Note that you may get surprising results if the value to be
formatted by one of the integer conversions is outside the range of
the relevant C-level type. For example, C<sprintf '%u', 1 + ~0> and
C<sprintf '%u', ~0> will produce the same output, because the result
of C<1 + ~0> will not fit into the underlying C-level type.

However, I don't plan to apply that patch unless this idea receives
positive feedback.

--
Aaron Crane ** http://aaroncrane.co.uk/

p5pRT · 2016-05-08T18:03:17Z

From @arc

0001-perl-127887-sprintf-doc-note-for-out-of-range-intege.patch

From 632c43423fed670e4d9f83daf5f691f5e185dab7 Mon Sep 17 00:00:00 2001
From: Aaron Crane <arc@cpan.org>
Date: Sun, 8 May 2016 18:48:28 +0100
Subject: [PATCH] [perl #127887] sprintf doc note for out-of-range integers

If you ask for an integer conversion, sprintf does the best it can to honour
that; if that's impossible, the results may be surprising.
---
 pod/perlfunc.pod | 6 ++++++
 1 file changed, 6 insertions(+)

diff --git a/pod/perlfunc.pod b/pod/perlfunc.pod
index e9c7038..b0d2685 100644
--- a/pod/perlfunc.pod
+++ b/pod/perlfunc.pod
@@ -7850,6 +7850,12 @@ You can find out whether your Perl supports quads via L<Config>:
         print "Nice quads!\n";
     }
 
+Note that you may get surprising results if the value to be formatted by one
+of the integer conversions is outside the range of the relevant C-level
+type.
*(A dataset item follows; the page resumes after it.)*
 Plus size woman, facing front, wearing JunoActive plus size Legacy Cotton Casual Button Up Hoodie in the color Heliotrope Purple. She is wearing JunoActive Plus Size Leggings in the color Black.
For example, C<sprintf '%u', 1 + ~0> and C<sprintf '%u', ~0> will
+produce the same output, because the result of C<1 + ~0> will not fit into
+the underlying C-level type.
+
 For floating-point conversions (C<e f g E F G>), numbers are usually assumed
 to be the default floating-point size on your platform (double or long double),
 but you can force "long double" with C<q>, C<L>, or C<ll> if your
-- 
2.7.4

p5pRT · 2016-05-08T20:26:10Z

From rehsack@gmail.com

Am 08.05.2016 um 20:02 schrieb Aaron Crane <arc@cpan.org>:

Jens Rehsack <rehsack@gmail.com> wrote:

I think, it is important to explain such surprises. So a warn as Leon
suggested would be great, a big notice in sprintf(1) mandatory.
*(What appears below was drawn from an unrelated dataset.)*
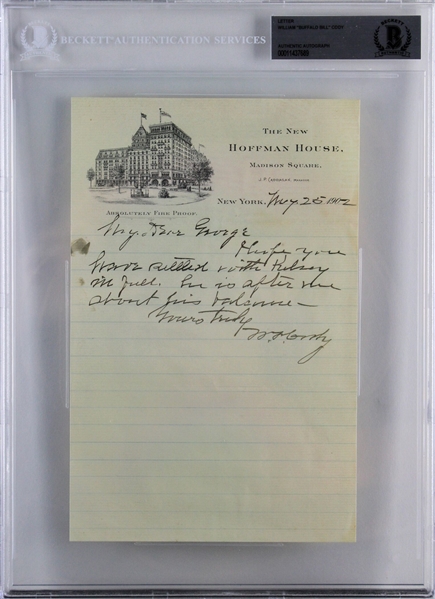 William "Buffalo Bill" Cody Rare Handwritten & Signed Letter (Beckett/BAS Encapsulated)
I am fairly strongly unconvinced that a warning is appropriate in
these circumstances, on the grounds of historical practice. That is:
Perl has never warned on inexact conversions in sprintf, and I suspect
that starting to emit such warnings now would therefore be too
surprising.

And because it's still 1985, what is must stay :P

Every language outside improved over time - and even K&R compatible
C compilers warn on loss of precision:

$ cat precision.c
#include <stdio.h>
#include <stdlib.h>
#include <limits.h>

int main()
{
double d = INT_MAX;
++d;
printf("%u\n", d);
}
$ cc -W -o precision precision.c
precision.c:9:20: warning: format specifies type 'unsigned int' but the argument has type 'double' [-Wformat]
printf("%u\n", d);
~~ ^
%f
1 warning generated.

I just want to clarify: "It never had so never will" isn't an argument
for a living language. Behavior which might cause errors lead to warnings,
and people who know and want to suppress, suppress the warnings by
disabling specific ones.

I'm less sure about whether it's a good idea to extend the sprintf
documentation (already two thousand words of text) to explicitly note
this issue. I've attached a patch with the following proposed wording:

Note that you may get surprising results if the value to be
formatted by one of the integer conversions is outside the range of
the relevant C-level type. For example, C<sprintf '%u', 1 + ~0> and
C<sprintf '%u', ~0> will produce the same output, because the result
of C<1 + ~0> will not fit into the underlying C-level type.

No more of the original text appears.